■ TASK INSTRUCTIONS
Only the records, exactly as written, belong in the answer; pictures do not.

═════ MATERIAL PROVIDED

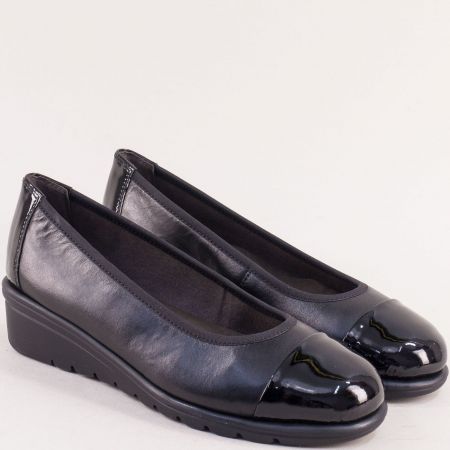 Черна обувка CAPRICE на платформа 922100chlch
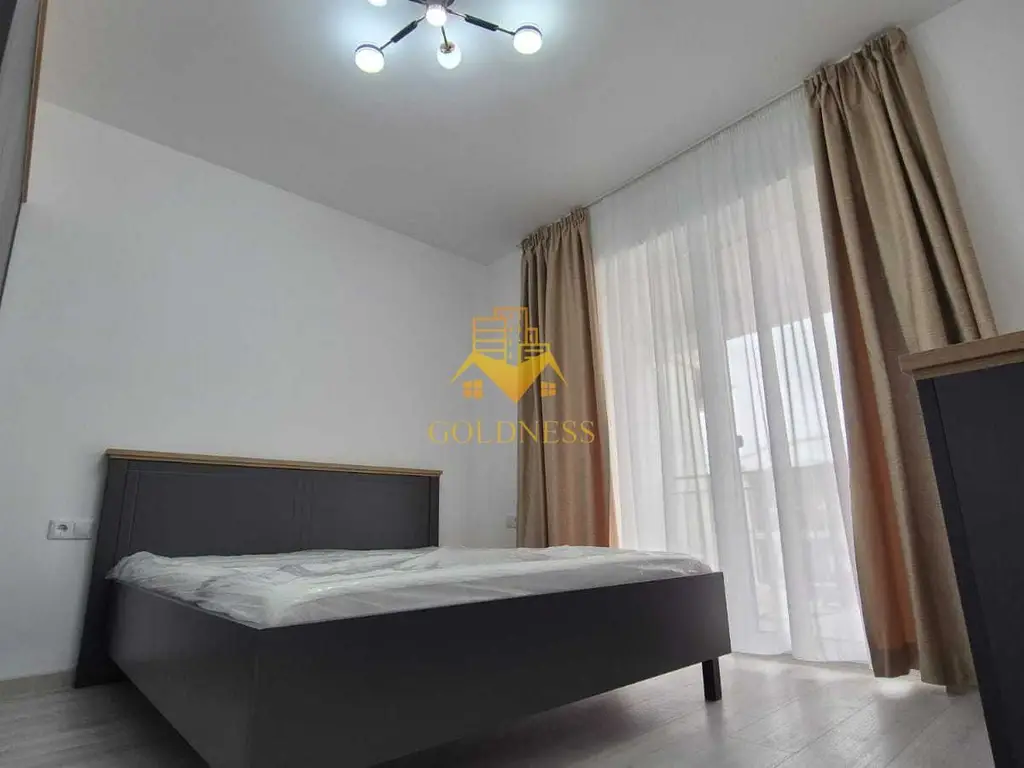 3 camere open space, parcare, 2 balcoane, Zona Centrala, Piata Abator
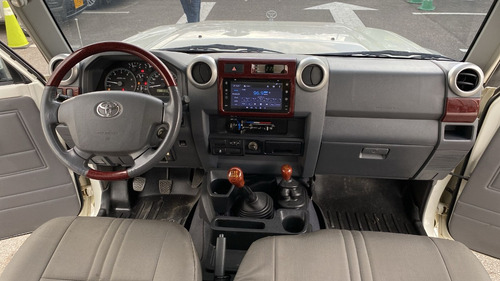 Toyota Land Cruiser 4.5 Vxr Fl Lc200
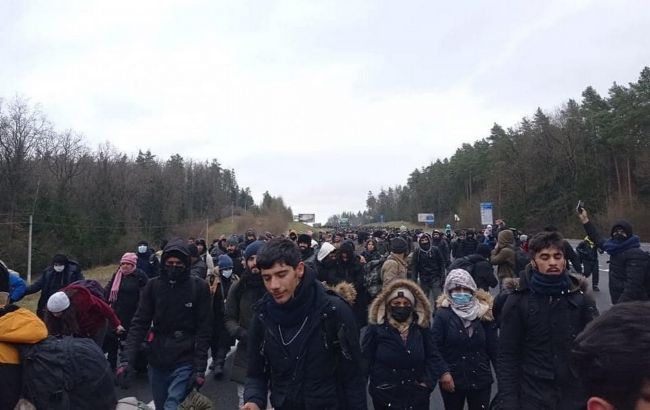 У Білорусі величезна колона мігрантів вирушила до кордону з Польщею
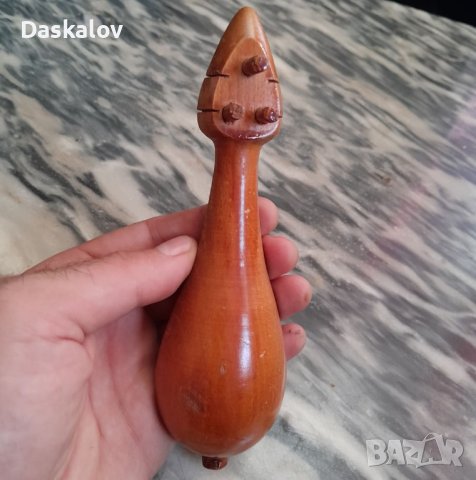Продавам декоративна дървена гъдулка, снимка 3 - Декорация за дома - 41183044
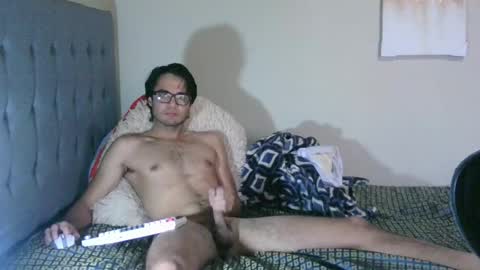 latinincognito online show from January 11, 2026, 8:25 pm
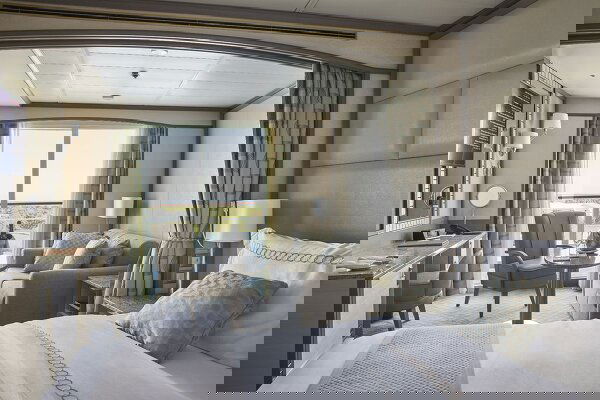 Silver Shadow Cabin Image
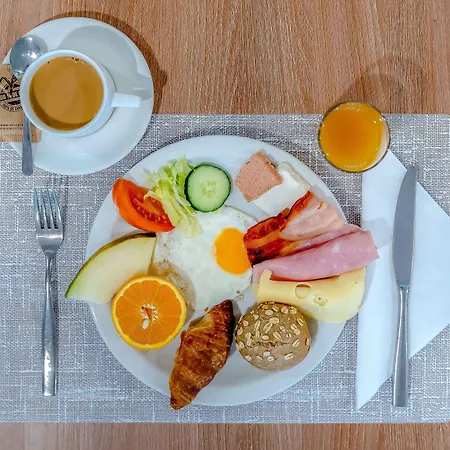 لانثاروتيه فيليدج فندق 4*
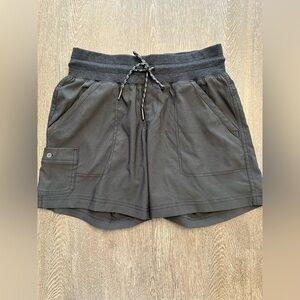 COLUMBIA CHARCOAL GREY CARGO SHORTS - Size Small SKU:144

══════════

■ WRITTEN ANSWER
 Черна обувка CAPRICE на платформа 922100chlch
 3 camere open space, parcare, 2 balcoane, Zona Centrala, Piata Abator
 Toyota Land Cruiser 4.5 Vxr Fl Lc200
 У Білорусі величезна колона мігрантів вирушила до кордону з Польщею
Продавам декоративна дървена гъдулка, снимка 3 - Декорация за дома - 41183044
 latinincognito online show from January 11, 2026, 8:25 pm
 Silver Shadow Cabin Image
 لانثاروتيه فيليدج فندق 4*
 COLUMBIA CHARCOAL GREY CARGO SHORTS - Size Small SKU:144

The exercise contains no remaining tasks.